Debt Relief Orders were only introduced as recently as 2009. And yet, they have already firmly established themselves as an efficient alternative to the time-consuming, expensive, complicated and psychologically wearing procedure of a traditional bankruptcy. A Debt Relief Order can be applied for online and is, generally speaking, fairly unbureaucratic. At the same time, not everyone qualifies for a DRO and despite its transparency, it does require the assistance of a professional debt adviser to guide you through the process. Here’s how the procedure works from start to finish.
The UK government have created Debt Relief Orders with a very particular target group in mind, namely debtors with a low income and few assets. The first thing you’ll therefore have to do is to determine whether or not you actually meet these requirements or whether working out a debt settlement, a debt management plan or an Individual Voluntary Agreement (IVA) may be more suitable to your circumstances.
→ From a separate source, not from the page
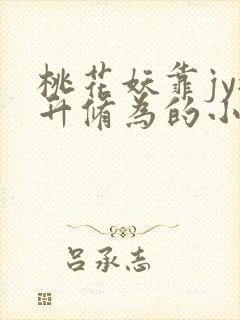 桃花妖靠jy提升修为的小说
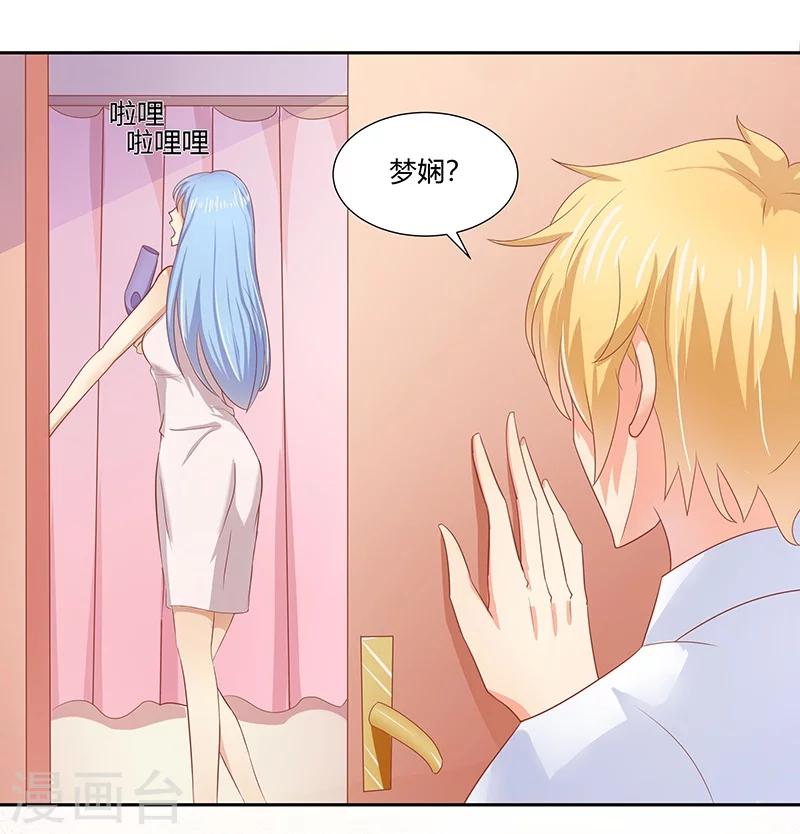 第4话20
Generally speaking, you need to be living in England and Wales and your debts should not exceed £15,000. Your total gross assets should be less than £300 and your surplus income, after subtracting normal living expenses, must not be more than £50 per month.
Once you have determined that you qualify for a Debt Relief Order, contact an approved debt adviser. His task consists in assisting you with filling out the online form to apply for a DRO and to answer all questions you may still have. It is important to note that you can not actually fill out this form yourself – but on the upside, the involvement of a professional expert will also prevent you from making incorrect estimations or errors and thereby considerably speed up the process. And time really is money in this case: The costs for a Debt Relief Order are a mere £90, which represents a considerable improvement compared to a far more expensive bankruptcy procedure.
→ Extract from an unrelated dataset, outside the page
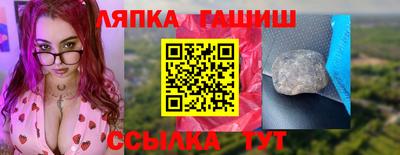 дурь Дубна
Once a Debt Relief Order takes hold, all debts included in it will no longer have to be repaid for the duration of one year, which is why it also referred to as a „moratorium period“. This does not apply to all payments, however: You will, for example, still have to pay your rent and utility bills. A Debt Relief Order is certainly no carte blanche for taking on new debt, either, as you will be personally responsible for all debts created while it is in place. If you keep this in mind, however, the prospects are bright: After the moratorium period has elapsed, all debts contained in the DRO will be discharged.
Debt Relief Orders are not suitable for everyone; find an advisor that can provide you with all the information you require about either applying for a Debt Relief Order or providing you with other, useful debt solutions should you not qualify for one.